SEOUL: Protests were planned across South Korea on Saturday, as supporters and opponents of suspended president Yoon Suk Yeol prepared to hold rival rallies two weeks after he was impeached.
Vast protests both for and against Yoon have rocked South Korea since he sought to impose martial law in early December, plunging the country into its worst political crisis in decades.
Lawmakers on Friday impeached Yoon’s replacement, acting president Han Duck-soo, after he refused demands to complete Yoon’s impeachment process and to bring him to justice.
It is up to the Constitutional Court to decide Yoon’s, and now Han’s fate, but demonstrators from both camps have vowed to keep up pressure in the meantime.
“Nearly two million people will come together to protect president Yoon,” said Rhee kang-san, a supporter of Yoon who is one of the rally organizers in Seoul.
“The rally continues our efforts to amplify the people’s voice against impeachment.”
An organizer of a rival anti-Yoon rally said the anger of those who supported his impeachment was “burning even more intensely.”
“The people are now strongly demanding Yoon’s immediate dismissal and punishment,” she added.
At the heart of the backlash against Han was his refusal to appoint additional judges to the Constitutional Court, which has three vacant seats.
While the six current judges can decide whether to uphold parliament’s decision to impeach Yoon, a single dissenting vote would reinstate him.

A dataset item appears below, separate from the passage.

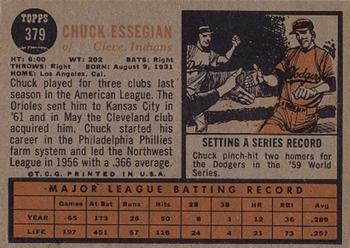 1962 Topps #379 Chuck Essegian Back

The opposition wanted Han to approve three more nominees to fill the nine-member bench, which he had refused to do, leaving both sides in deadlock.

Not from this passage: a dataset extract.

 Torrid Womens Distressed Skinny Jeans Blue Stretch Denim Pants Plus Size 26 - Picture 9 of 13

The second impeachment on Friday thrust Finance Minister Choi Sang-mok into the roles of acting president and prime minister.
It also took the country into uncharted territory.
“We’ve had an acting president before,” said Lee Jun-han, a professor at Incheon National University. “But this is the first time we’ve had a substitute for a substitute.”
Choi said in a statement after the impeachment that “minimizing governmental turmoil is of utmost importance at this moment,” adding that “the government will also dedicate all its efforts to overcoming this period of turmoil.”
Like Han, Choi will face pressure from the opposition to accept the appointment of new judges.
If he refuses, he could face his own impeachment vote.